Todo o retábulo do altar-mor foi feito por mestre Nicolau ou por os seus ajudantes franceses. Em Coimbra não havia então lavrante capaz de executar nem mesmo os motivos decorativos cuja graça se vê, mesmo através das camadas de tinta que os cobrem.

O artista, muito ocupado com o retábulo, não pôde ocupar-se das sepulturas, o que não poderia dar-se se as sepulturas fossem anteriores a ele ou lhe fossem posteriores, visto serem destinadas à mulher, ao filho e a ele Aires da Silva o generoso promotor de toda a obra da capela-mor que mandou acrescentar e decorar.

Mestre Nicolau deu apenas os desenhos das três sepulturas do lado do evangelho da capela-mor de S. Marcos, tentou sem grande resultado dirigir a mão inexperiente dos lavrantes portugueses e corrigiu tanto quanto pôde as estátuas jacentes e as figuras que sustentam as carteias das arcas tumulares.

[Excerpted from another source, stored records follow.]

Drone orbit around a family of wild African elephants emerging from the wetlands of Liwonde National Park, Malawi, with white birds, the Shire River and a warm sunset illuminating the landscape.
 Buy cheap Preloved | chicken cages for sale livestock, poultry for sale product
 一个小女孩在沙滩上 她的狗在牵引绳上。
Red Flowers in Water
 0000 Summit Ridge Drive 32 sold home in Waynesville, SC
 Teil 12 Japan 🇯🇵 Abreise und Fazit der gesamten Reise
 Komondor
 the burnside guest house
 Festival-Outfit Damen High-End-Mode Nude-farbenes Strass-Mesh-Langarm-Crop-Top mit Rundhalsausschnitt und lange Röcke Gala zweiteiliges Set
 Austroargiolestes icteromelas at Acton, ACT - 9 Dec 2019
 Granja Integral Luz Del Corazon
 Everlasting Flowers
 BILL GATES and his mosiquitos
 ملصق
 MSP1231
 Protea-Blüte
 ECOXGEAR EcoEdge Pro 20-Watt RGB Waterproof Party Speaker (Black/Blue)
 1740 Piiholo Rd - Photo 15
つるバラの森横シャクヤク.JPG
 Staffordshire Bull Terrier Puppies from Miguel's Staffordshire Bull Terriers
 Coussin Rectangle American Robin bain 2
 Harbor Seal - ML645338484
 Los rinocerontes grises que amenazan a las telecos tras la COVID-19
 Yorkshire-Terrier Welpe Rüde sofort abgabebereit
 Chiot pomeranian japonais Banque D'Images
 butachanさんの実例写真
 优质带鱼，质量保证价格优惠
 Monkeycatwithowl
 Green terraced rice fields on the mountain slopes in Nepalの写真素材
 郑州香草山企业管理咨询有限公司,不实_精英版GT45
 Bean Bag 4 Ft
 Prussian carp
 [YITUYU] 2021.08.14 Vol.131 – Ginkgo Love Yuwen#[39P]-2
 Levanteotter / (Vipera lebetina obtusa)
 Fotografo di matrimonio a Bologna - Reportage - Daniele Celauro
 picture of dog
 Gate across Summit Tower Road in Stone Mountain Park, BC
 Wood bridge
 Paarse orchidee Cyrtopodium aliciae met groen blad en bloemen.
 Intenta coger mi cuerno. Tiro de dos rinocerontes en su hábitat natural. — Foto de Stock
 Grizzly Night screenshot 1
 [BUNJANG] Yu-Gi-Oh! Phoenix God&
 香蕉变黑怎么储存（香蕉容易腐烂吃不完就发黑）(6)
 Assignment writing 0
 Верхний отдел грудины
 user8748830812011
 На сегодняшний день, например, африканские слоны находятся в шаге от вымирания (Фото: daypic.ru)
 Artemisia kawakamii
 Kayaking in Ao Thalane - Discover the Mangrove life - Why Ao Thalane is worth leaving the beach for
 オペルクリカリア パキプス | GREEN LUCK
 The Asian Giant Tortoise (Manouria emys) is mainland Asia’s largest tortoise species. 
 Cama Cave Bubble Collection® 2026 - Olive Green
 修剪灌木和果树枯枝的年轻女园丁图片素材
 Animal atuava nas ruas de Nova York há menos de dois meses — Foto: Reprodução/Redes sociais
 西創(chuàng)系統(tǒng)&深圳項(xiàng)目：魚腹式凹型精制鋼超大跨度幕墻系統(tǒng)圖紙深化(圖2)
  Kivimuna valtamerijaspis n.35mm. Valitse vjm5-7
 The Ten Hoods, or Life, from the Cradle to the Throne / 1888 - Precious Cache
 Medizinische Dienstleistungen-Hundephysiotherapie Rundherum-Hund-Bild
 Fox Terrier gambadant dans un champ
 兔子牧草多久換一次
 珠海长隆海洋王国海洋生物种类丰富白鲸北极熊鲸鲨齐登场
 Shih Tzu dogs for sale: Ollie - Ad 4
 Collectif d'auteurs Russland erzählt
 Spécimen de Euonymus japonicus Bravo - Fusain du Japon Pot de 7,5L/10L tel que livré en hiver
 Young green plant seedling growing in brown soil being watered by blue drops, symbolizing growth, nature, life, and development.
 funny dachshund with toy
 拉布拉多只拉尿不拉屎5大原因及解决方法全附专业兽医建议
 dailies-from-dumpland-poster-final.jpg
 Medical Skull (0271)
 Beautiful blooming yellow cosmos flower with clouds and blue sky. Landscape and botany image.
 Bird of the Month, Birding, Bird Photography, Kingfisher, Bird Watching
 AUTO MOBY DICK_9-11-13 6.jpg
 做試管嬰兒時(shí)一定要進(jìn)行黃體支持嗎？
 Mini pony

Tudo isto assinalou muito bem com a sua fina orientação artística o Sr. Vergílio Correia, quando, encarecendo as esculturas de Góis escreveu (infra, p. 16): Nenhuma das figuras correspondentes dos túmulos de S. Marcos se lhes pode comparar: nem os meninos de faixa ou tu nica dos túmulos dos regedores Aires e João da Silva, nem os selvagens coroados e vestidos de folhagem da arca tumbal do outro João da Silva que morreu em Ouguela em combate singular com um capitão hespanhol.